I'm not sure this qualifies as a question about philosophy - at least not "deep philosophy." Your question focuses largely on common sense and political correctness.
The key words are attitude, context and interpretation.
Identifying a bassist as "the white guy" can be perfectly fine in some circumstances and a little dodgy in others. Let's ask a pertinent question: What would be a better way to answer the question "Which bassist?"
Suppose there are two bassists, one white one black. The white bassist normally wears blue jeans, while the black bassist wears a suit.
You could now answer the question like this: "The bassist who wears a suit."
But we now have a bit of a paradox. To me that sounds kind of weird. Are you afraid to mention the fact that this guy happens to be white or black?
And are you sure the person you're talking to is aware of how the two bassists dress? Come on, the most obvious clue to their identity is their race!
If one bassist was male and the other female, would you identify one by saying "The one who wears a dress"? Of course not, you'd say "the woman."

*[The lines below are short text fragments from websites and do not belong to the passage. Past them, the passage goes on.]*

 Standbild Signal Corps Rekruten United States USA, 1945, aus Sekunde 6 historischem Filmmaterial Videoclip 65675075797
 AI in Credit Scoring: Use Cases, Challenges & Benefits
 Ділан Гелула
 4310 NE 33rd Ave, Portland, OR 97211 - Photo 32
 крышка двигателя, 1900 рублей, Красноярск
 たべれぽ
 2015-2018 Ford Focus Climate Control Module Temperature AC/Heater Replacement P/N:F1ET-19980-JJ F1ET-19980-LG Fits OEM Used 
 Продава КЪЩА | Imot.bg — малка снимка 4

So what makes race sleazier than gender?
Given the fact that racism is a painful (and often complex) reality, there are situations where you have to be careful. If you refer to someone as "that black guy" rather than "a black man," some might interpret it as an insult. On the other hand, if you're talking to a black person who knows you and understands "where you're coming from," then saying "a black man" might sound a little formal and pretentious.
As a former teacher, I learned that black people in Seattle - which is a surprisingly racist city - can be pretty sensitive to this type of conversation. However, most people who are reasonably intelligent should normally understand what a person is saying, and if they have a problem, they can observe that person more closely before pronouncing him or her a racist.
In fact, my observation is that the people who are most prone to label the type of conversation you describe racist are trouble makers. In my case, they included some parents who had problems of their own and school officials, many of whom can in turn be described as "Uncle Toms" or "controlled opposition."
The place where I currently work has a lot of problem people on the payroll, both white and black. If I call Dylan a jerk and someone asks "Which Dylan?" I have no problem saying "the white guy," "white Dylan," "black Dylan" or whatever. And it doesn't matter if the person I'm talking to is white, black or Asian.
However, if I want to talk about the Seattle School District's "Black Mafia," I have to be a little more careful. We're now talking about a more sensitive topic, one that sounds a little conspiratorial.
In fact, there are black people I work with who know exactly what I'm talking about - especially if describe members of this informal organization as Uncle Tom's or sellouts.
But if you were a candidate for public office and you mentioned the term "Black Mafia," the corporate media (which are themselves racist in the extreme) would promptly condemn you as a racist.